Discretizing the output will probably be counter-productive in this situation; it would remove flexibility by taking away the fine-grained continuous ranges between each discretization bucket, but also blow up the size of the network, reducing manageability and performance. Fragmenting the outputs into buckets in this way may also lead to information loss and more difficulty in convergence because of the fact that each bucket is partially isolated from the others.
After causing myself needless hassle in the past by mismatching input and output dimensions, I'd simply do this if I were in your shoes: 1) keep it simple and use 3 continuous (well, semi-continuous, depending on the highest precision your programming framework allows) outputs for all of the above reasons; 2) clamp the angles between -45 to 225 by whatever method works best for you, like ceiling/floor hard clamping, adding weight terms, etc.; 3) go big on the hidden layer(s) to maximize information sharing across the inputs and eventual outputs, force, angle of strike, position of strike, etc. This is more likely to fine-tune the precision of the outputs, thereby making good use of the semi-continuous scales.

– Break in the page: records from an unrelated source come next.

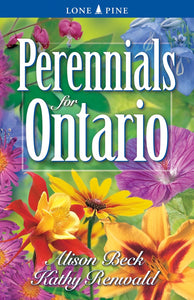 Perennials For Ontario Book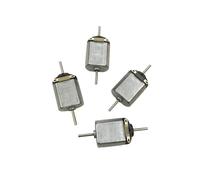 4pcs/lot 130 electronic starter Dual Shaft DC 1.5V-3V 14000RPM DIY Hobby IDGTTLDF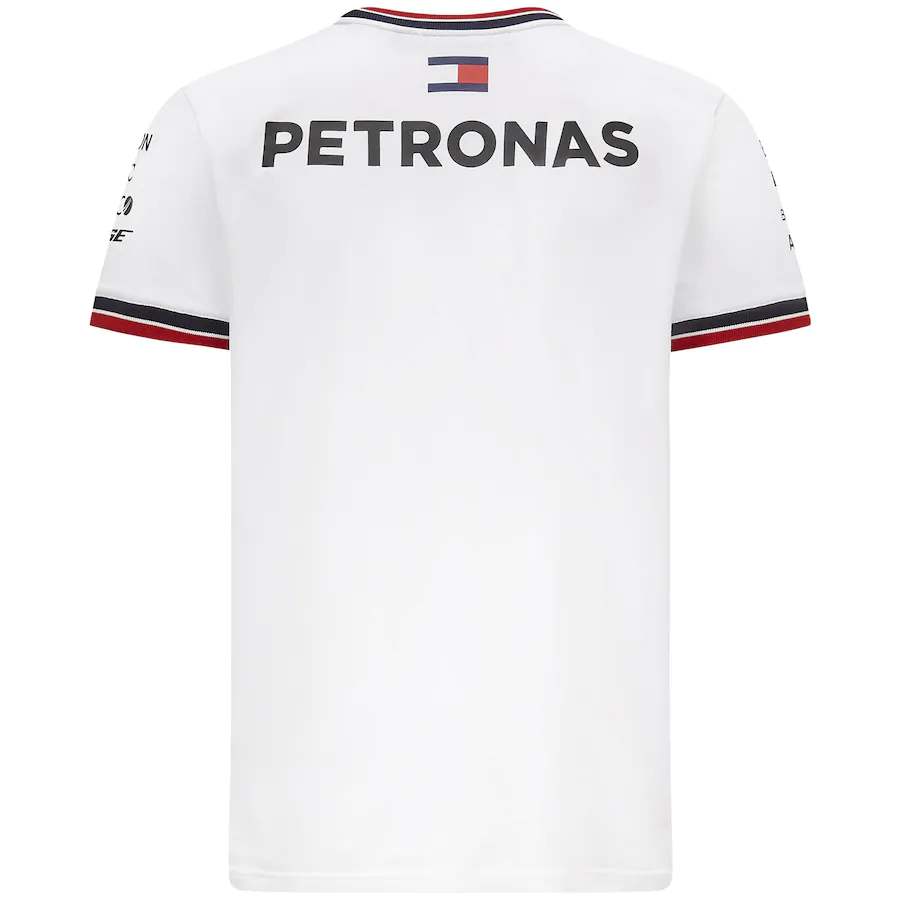 Mercedes Racing Replica F1 Shirt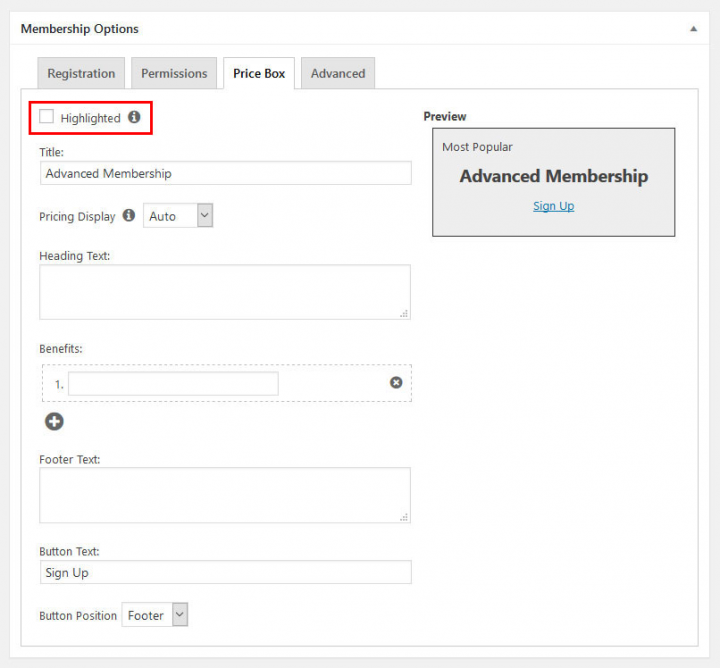 image8 How to Create a WordPress Membership Site 24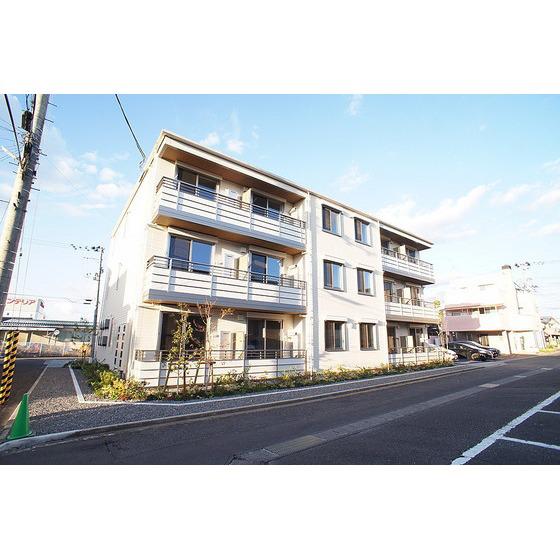 エリス223(1LDK/1階)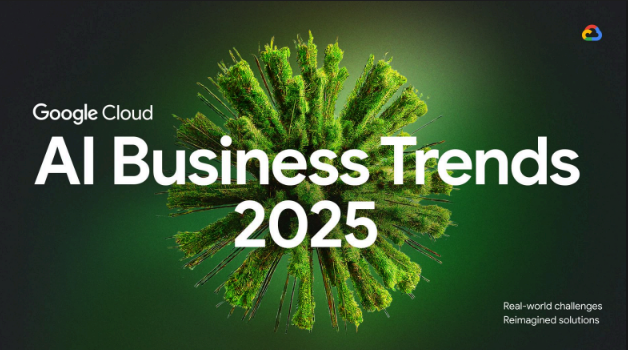 The AI trends shaping business in 2025.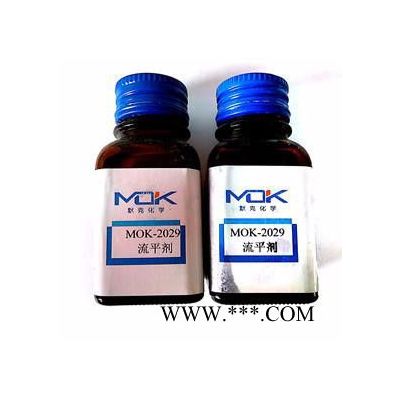 默克化學(xué)溶劑型涂料和油墨的潤(rùn)濕分散劑MOK-5032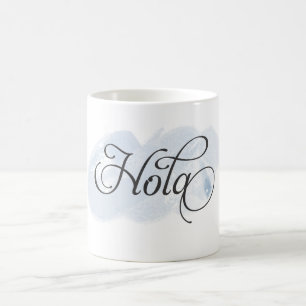 Spanjor - Hola Kaffemugg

I'm also wondering if a convolutional neural net might work in this situation; their most popular use case is in image processing, but I don't see why you can't treat the force, angle and position as surrogate spatial dimensions. I'm not sure how many or what type of inputs you have, but 3 continuous outputs might be conducive to a 3D rather than a 2D space. Convolutionals are often used for those, as well as higher-dimensional and temporal data. I hope that helps.